There are a number of critical effects that this trimming has on the vines.  Firstly, and most obviously, it permits the physical passage of man and machine through the vineyards with ease.  As has been mentioned before, it also improves spray penetration, making treatments more effective.  Additionally, it will expose the bunches to sunlight to some degree which is important for ripening.  When carried out at the right time, just as the water reserves in the soil are starting to dry out, it should also bring shoot growth to an end.  It is important that this occurs at veraison or soon afterwards as we are obviously interested that from this point onwards the vines are channelling their energy into producing sugars to ripen the fruit rather than in growing more leaves.

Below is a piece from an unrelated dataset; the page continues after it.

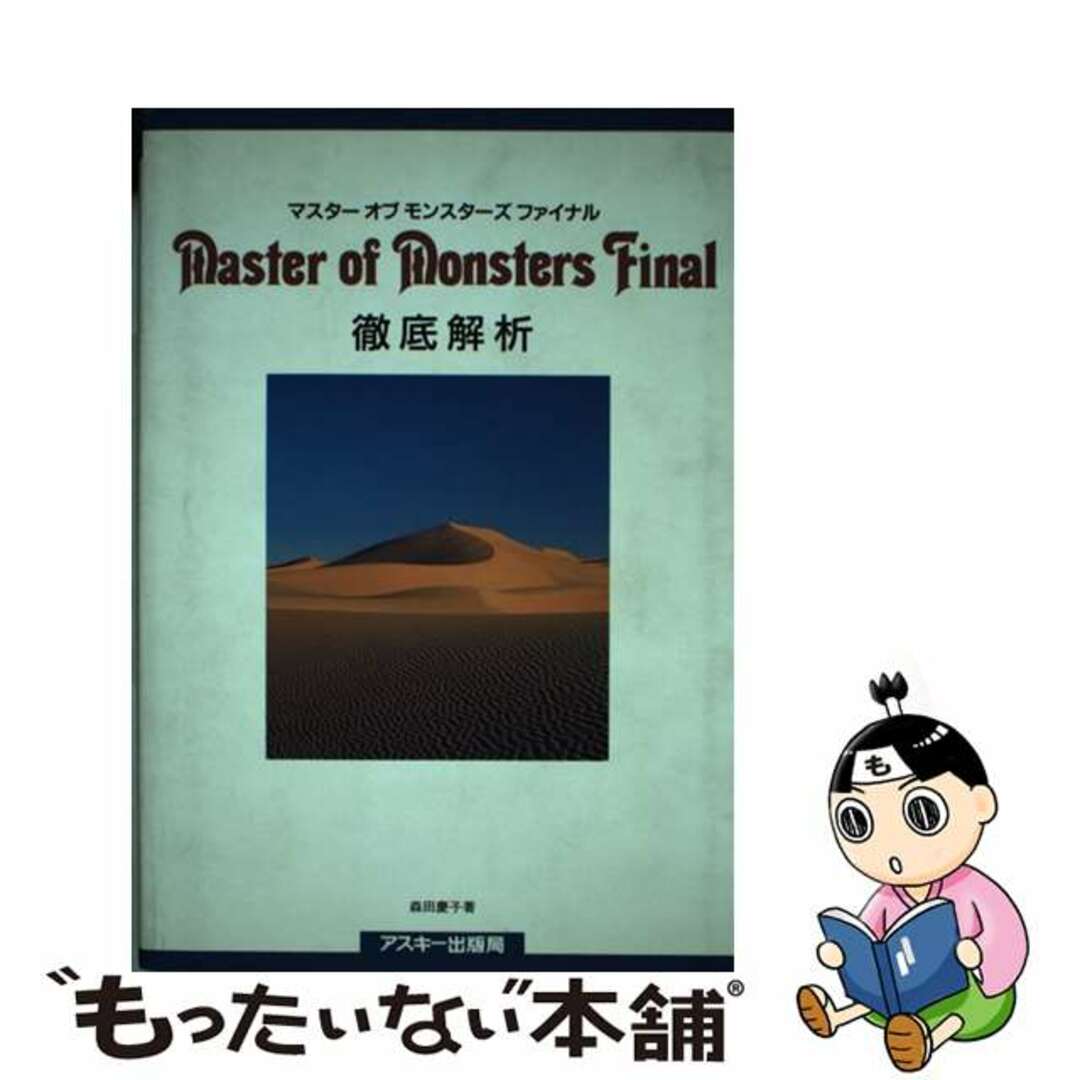 送料無料商品 | 公式 オンライン 【中古】 マスターオブモンスターズファイナル 徹底解析/アスキー・メディアワークス/森田慶子 アート+エンタメ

By removing the main growing tips desponta may encourage the growth of lateral shoots in medium to high vigour situations.  This is usually considered to be beneficial, up to a certain point, as the new leaves that grow on these lateral shoots will be fully photosynthesising adult leaves in the run-up to harvest, responsible for sugar accumulation in the grapes.  Despontas can be carried out by hand (using secateurs) in the non-mechanised vinhas velhas, or the equivalent effect can be achieved there by simply rolling the shoot tip horizontally along the top wire.  The suppression of apical dominance at the top of shoot effectively brings to an end its time as the main nutrient sink of the vine, and the bunch takes over.

Another of the activities that took up a fair amount of time this month was what the caseiros drily refer to as ‘mowing the lawn’.  There was still plenty of grass to be kept down in the cover crops.  With any luck this too should find its expansion checked by removal of the growing tips and a general drying out of the soil.  Conditions this spring also meant that there was more weed growth than we would have liked and, time permitting, some of the quintas were able to start on the spot application of summer herbicides, particularly on the taludes between the terraces, and occasionally under the rows of vines.  The fact that the wet part of the year is theoretically nearing its end should mean that the vineyards remain clean now until after the harvest.

In some of the new plantations we were able to get to work on such jobs as opening up caldeiras for the rootlings that were planted this spring.  These depressions at the foot of each vine are essential in the first year or two.  Not only do they make the best of any naturally falling rain, but they will also be used a number of times over the course of this summer as the vines are watered by hand.  And whilst on the subject of new vineyards, June was the month that saw the wires and posts installed in most of this year’s new plantings.  They will not be used until next season but completion of the trellis is a precondition for receiving the subsidies offered for reconverting old vineyards into something altogether more modern and efficient.